I asked so many people and they don't understand it either. If you anybody could help it be much appreciated
Prove that f(x)=x^1/3 is continous at x=c for c>0
[Note: a³-b³=(a-b)(a²+ab+b²)]
It looks like he needs to do it by definition, ie. an $\displaystyle \epsilon - \delta$ proof.

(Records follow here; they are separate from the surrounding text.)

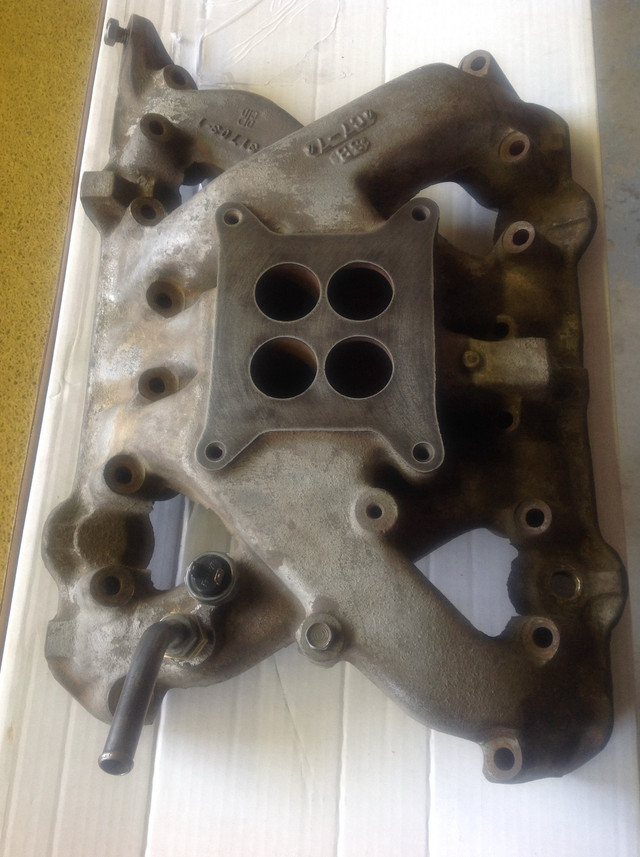 392 Hemi intake manifold in Engine & Engine Parts in Swift Current - Image 2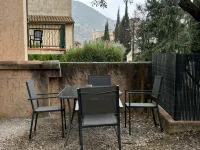 Cosy apartment with garden in Drôme Provençale Hoteles en Nyons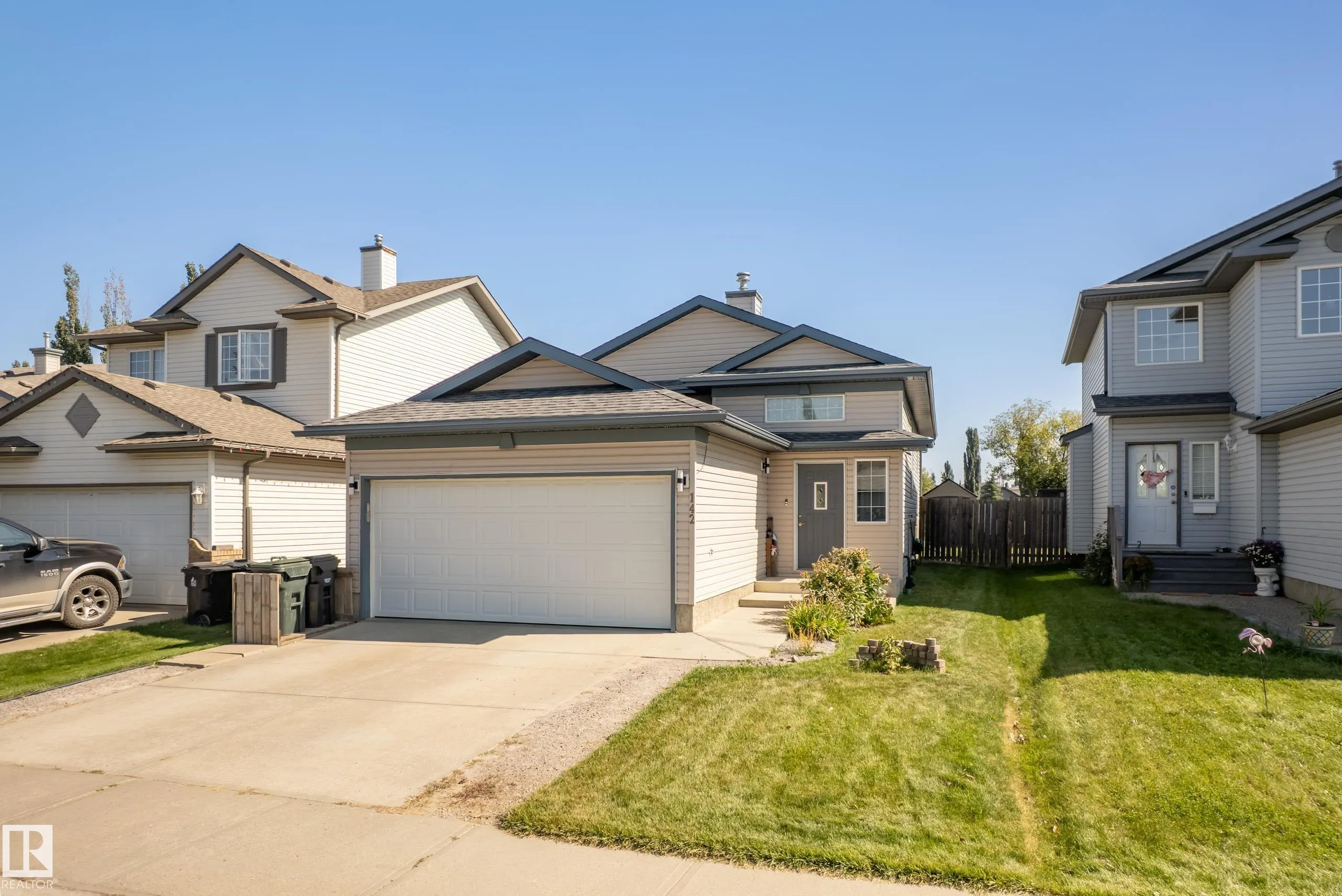 142 Lakeland Drive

@swtbellrose: Assume $\displaystyle |x-c| < \delta$ and use the hint: $\displaystyle \displaystyle |x-c| = \left| \left( x^{\frac{1}{3}} \right) ^3 - \left( c^{\frac{1}{3}} \right) ^3 \right| = \left| \left( x^{\frac{1}{3}} - c^{\frac{1}{3}} \right) \left(x^{\frac{2}{3}} + x^{\frac{1}{3}}c^{\frac{1}{3}} + c^{\frac{2}{3}} \right) \right|$
Now try to find a good $\displaystyle \delta$ so that $\displaystyle \left| x^{\frac{1}{3}} - c^{\frac{1}{3}} \right| < \epsilon$
But of course, since swtbellrose did not show any work at all, we have no idea what the problem really is. My first thought was just to note that $\displaystyle \lim_{x\to 0}x^{1/3}= 0$ which is the value of $\displaystyle 0^{1/3}$ so the function is continuous at x= 0.